Date of Award

2009

Access Restriction

Campus Access only dissertations

Degree Name

Doctorate in Education

Department

Education

School or College

School of Education

First Advisor

Mary K. McCullough, Ph.D.

Second Advisor

Kristen R. Anguiano, Ph.D.

Third Advisor

Neil Quinly, Ed.D.

Abstract

Up until the 1950s, Catholic school principals were mainly priests, sisters, and brothers who were well grounded in theology, scripture, catechesis, and the Catholic social teachings they received during their formation. Conversely, lay principals who currently staff most Catholic high schools may not have this same Catholic formational training that helped to form the religious mission of schools in earlier years. Hence, this study was developed to investigate current Catholic school leadership models and the way principals' perceptions of leadership may impact the religious missions of Catholic schools.

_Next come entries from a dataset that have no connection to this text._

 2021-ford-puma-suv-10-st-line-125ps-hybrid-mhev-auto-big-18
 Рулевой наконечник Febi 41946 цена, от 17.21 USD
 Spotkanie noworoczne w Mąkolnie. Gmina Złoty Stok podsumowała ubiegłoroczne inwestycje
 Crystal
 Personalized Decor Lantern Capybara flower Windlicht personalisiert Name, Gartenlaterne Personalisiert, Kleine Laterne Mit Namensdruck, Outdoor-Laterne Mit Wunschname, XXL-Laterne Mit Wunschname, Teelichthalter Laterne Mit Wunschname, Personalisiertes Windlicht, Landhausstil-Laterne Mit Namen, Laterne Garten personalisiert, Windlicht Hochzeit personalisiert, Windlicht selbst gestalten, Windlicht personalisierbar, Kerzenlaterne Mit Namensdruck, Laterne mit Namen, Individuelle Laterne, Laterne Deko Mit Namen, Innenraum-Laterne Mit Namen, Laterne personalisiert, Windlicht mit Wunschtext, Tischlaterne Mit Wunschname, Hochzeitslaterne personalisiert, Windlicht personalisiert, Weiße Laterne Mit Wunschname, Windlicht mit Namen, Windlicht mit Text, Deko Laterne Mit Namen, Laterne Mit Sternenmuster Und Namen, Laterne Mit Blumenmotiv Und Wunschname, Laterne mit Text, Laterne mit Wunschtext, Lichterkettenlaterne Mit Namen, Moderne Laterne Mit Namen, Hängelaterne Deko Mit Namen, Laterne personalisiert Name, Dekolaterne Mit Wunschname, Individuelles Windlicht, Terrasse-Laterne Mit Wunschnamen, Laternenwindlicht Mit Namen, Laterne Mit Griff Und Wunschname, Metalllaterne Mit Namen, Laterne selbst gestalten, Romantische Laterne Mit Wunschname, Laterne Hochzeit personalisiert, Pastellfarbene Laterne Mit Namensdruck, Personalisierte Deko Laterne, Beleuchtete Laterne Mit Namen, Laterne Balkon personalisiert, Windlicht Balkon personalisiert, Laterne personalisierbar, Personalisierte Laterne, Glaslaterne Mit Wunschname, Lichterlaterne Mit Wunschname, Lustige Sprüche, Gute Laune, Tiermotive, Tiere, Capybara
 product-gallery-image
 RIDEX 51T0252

Additionally, the factor of generational diversity may contribute to differences in principal's perceptions of leadership. Thus, the purpose of this study is to investigate how current lay principals from two generational cohorts perceive their roles as leaders and how such perceptions impact the religious mission of their schools. To accomplish this investigation, the researcher employed three elements of the Catholic school leadership framework designated by the United States Catholic Conference (USCC), including educational, managerial, and spiritual leadership. These concepts constitute the framework through which this study examined the principals' perceptions of leadership in Catholic high schools. To collect the data and answer the research questions, this study utilized a qualitative methodology consisting of document analysis, observations, and interviews. To conduct the study, six principals from two generations were selected from Catholic high schools in a large diocese on the West Coast of the United States. Based on the research results, differences were discovered between the generational cohort known as the Baby Boomers and those known as the Xers, where Baby Boomers exhibited more future-focused perspectives and Xers demonstrated a strong focus on values. Baby Boomers also connected the religious mission of the school to the charisma of the founding order or congregation of their school, while Xers relied exclusively on the identity of the diocese. However, despite these generational differences, the study results show that the current principals have not only maintained and preserved the religious mission to a new level of forming peer Christian leadership among students and teachers.